Tick, tick, tick, tick.
In one of the corridors of IADT during their 2019 Grad Show, Leah Harris’ Fabricated Tribulations, a 3:40 min long video piece, sits projected at an oblique angle in the corner of a small room. A constant, ever present metronome against a rumbling soundscape fills the space, the atmosphere claustrophobic, thick. The screen is filled with light, diffused, opaque plastic, with a young man trapped inside.
Tick, tick, tick, tick.
The inescapable plastic seems to come straight from the lens of the camera, the pressure direct and pointed at the figure, occluded by the billowing material. The atmosphere is heavy with tension, as the figure alone tries to move around inside the suffocating sheeting, pulling, reaching, searching for escape.
Tick, tick, tick, tick.
The young man’s voice starts over the metronome, speaking of “…ever impending doom…’ and the ‘…moment of stillness as crippling panic looms…”.
This is no sublime visual adventure.
It is a tender, poignant portrait of a person struggling with the frustration and claustrophobia of the constant, incessant anxiety that underpins our current reality. It is difficult not to read the piece in the context of the many tyrannical realities of our current existence – surveillance, precarity, the inescapable permanency of social media. Of a life writ public – every act, decision and mistake recorded for an unknown digital posterity.
Tick, tick, tick, tick.
Pressure builds, the intensity of the camera’s gaze unrelenting on his struggle against his own mind.
“…years dealing with our past decisions catching up with us…an eternity of fleeting moments weights on us…”
The spare, thick, creamy blue light softly diffusing through the swirling plastic gives a particularly menacing tone to the piece, so totally at odds with the struggle for purpose and identity of the person trying to escape the oppressive lusciousness of the billowing plastic enclosure.

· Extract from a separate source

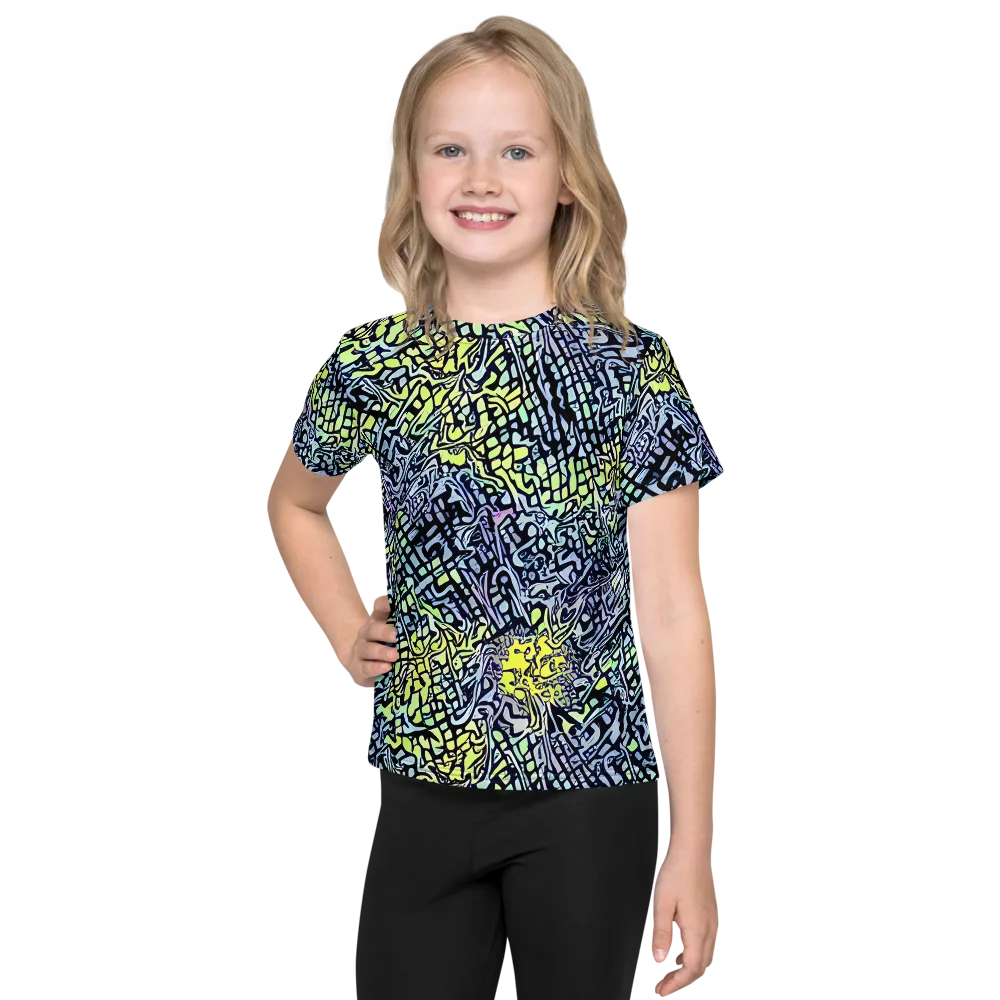 Ultraviolet Grid on Kids Crew Neck T-Shirt — Front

“It advances by the minute, taking hold with a terrible weight”
The plastic sheeting appears to be a deliberate nod to this current generation having to deal with the waste and bad decisions of those gone before. A system dumped upon them by previous generations in a charge for progress. A constant, accumulating detritus of an increasingly suffocating material builds up in the physical and mental realities of those left to deal with the effects of this ‘progress’.

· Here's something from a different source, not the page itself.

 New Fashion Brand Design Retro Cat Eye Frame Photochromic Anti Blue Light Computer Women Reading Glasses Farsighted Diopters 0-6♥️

“We feel trapped in our choices…”
He becomes increasingly frantic in his need for constancy, grasping for solidity in the soft, yielding plastic, struck by the twin tyrannies of choice in a time of perennial inconstancy. Precarity underlining every moment of his existence, no ground, no solid, no foundation from which to build a self.
Eventually overcome by the pressure, the constant, nagging anxiety, he becomes overwhelmed, unable to fight, to grope for solid ground.
Head in hands, the metronome takes over, and he fades into a black oblivion.
* * *
Harris chooses to relate her boyfriend’s experiences through the work rather than her own. By using a male figure to act as a proxy for her own investigations, she appears to subvert old gender casting. Whereas before, women enacted male ideas of what they could be, or who they were, or what their experiences were, here Harris seems to be an observer of issues she sees played out in her boyfriend, using him as a platform for her observations as a woman.
Beautifully shot with a menacingly tender gaze, a subtle, well-judged performance from Harris’ partner creates a timely, relevant piece loaded with atmosphere and anxiety. Harris has created a sharp, tight, articulate commentary on the struggles of trying to create a life, a self in society today.